## Required action
Return exactly the run of lines that begins at the line containing "There's a whole" and ends at the last line of the material below; pictures stay out.

## Information given

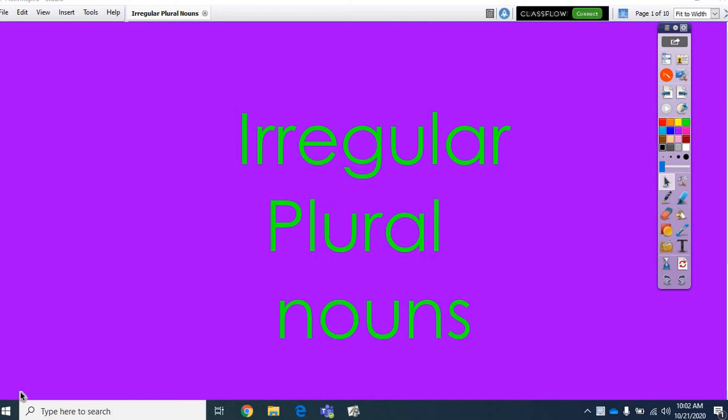Good morning, guys. Alright, we are still talking about plural nouns today in our grammar lesson. So, we are going to talk about a different kind of plural noun today, though it's called an irregular plural noun.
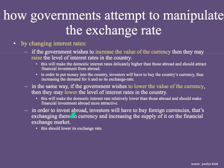Lastly, in order to invest abroad, investors will have to buy foreign currencies — exchanging their own currency and increasing the supply of it in the foreign exchange market — and this should lower exchange rates. So people from the United States looking to invest in European stocks, assets, or real estate would sell their dollars and buy euros. As a result of changing interest rates, people will sell their dollars and buy euros, pushing down the exchange rate.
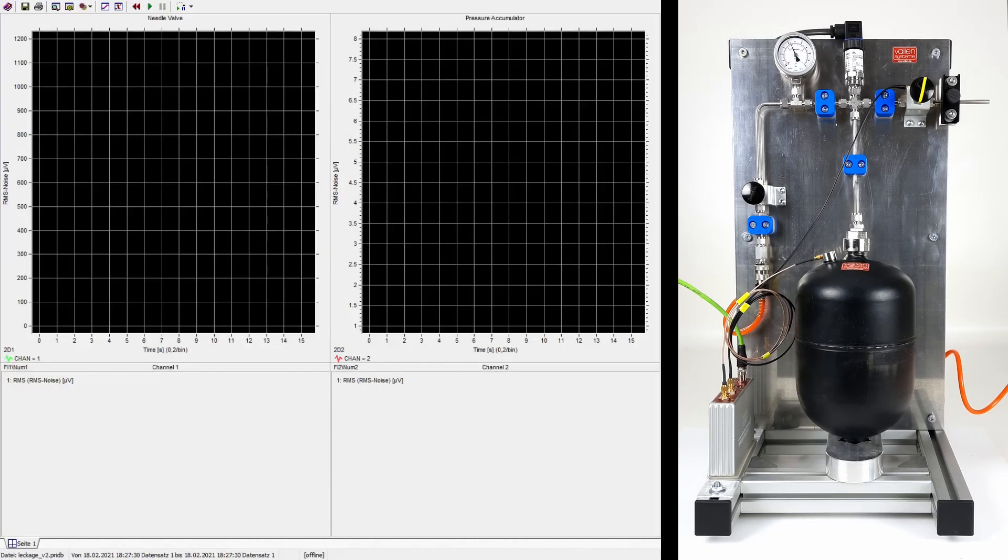Acoustic emissions can be used to detect and quantify leaks in pneumatic systems. In this setup, a pressure accumulator has been charged with 4 bar.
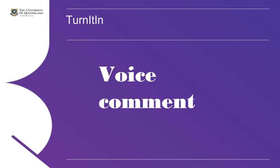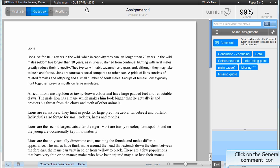Turnitin voice comment. To create a voice comment, click on the general comment icon at the bottom right of the grade mark screen.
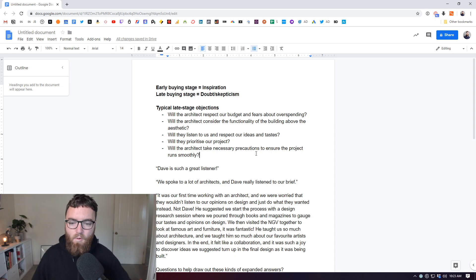There's a whole bunch of different objections that are floating around out there. I've just picked a few, but these are real and they are doubts that are running through somebody's mind. Now, why is that different to when somebody's early in the buying stage, when they're pretty far away from making a decision or deciding to hire you? How's their mindset different?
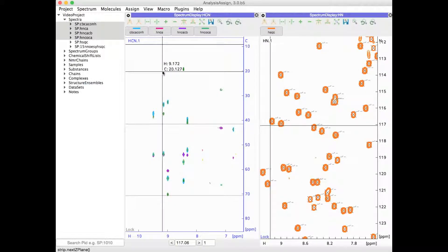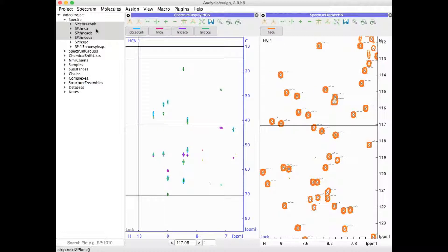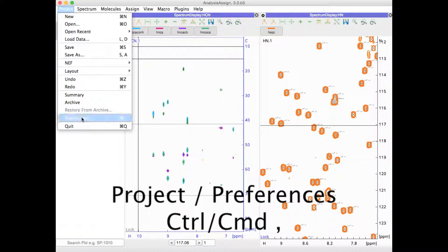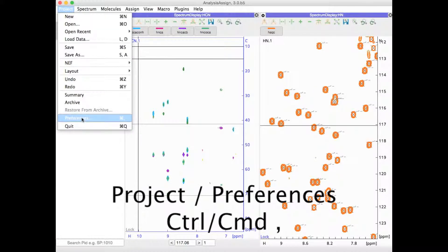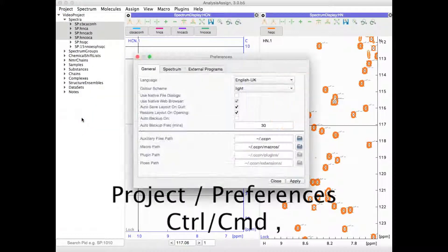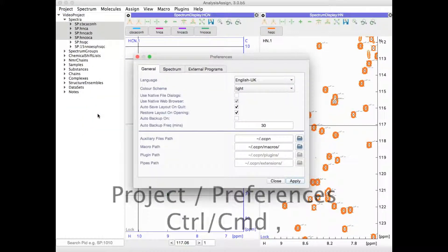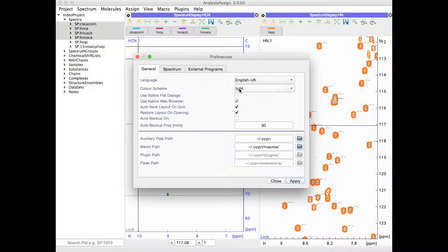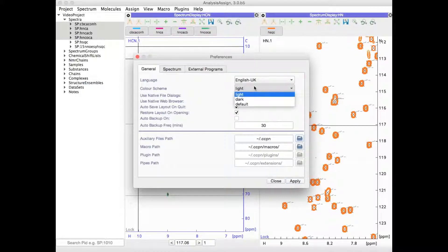You can set the background of your spectra to be either white or black. Simply go to Project and Preferences or press Control or Command and comma. Here in the General tab under Color Scheme you can select either light to have a white background or dark to have a black background.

## Solution to this exercise
There's a whole bunch of different objections that are floating around out there. I've just picked a few, but these are real and they are doubts that are running through somebody's mind. Now, why is that different to when somebody's early in the buying stage, when they're pretty far away from making a decision or deciding to hire you? How's their mindset different?
You can set the background of your spectra to be either white or black. Simply go to Project and Preferences or press Control or Command and comma. Here in the General tab under Color Scheme you can select either light to have a white background or dark to have a black background.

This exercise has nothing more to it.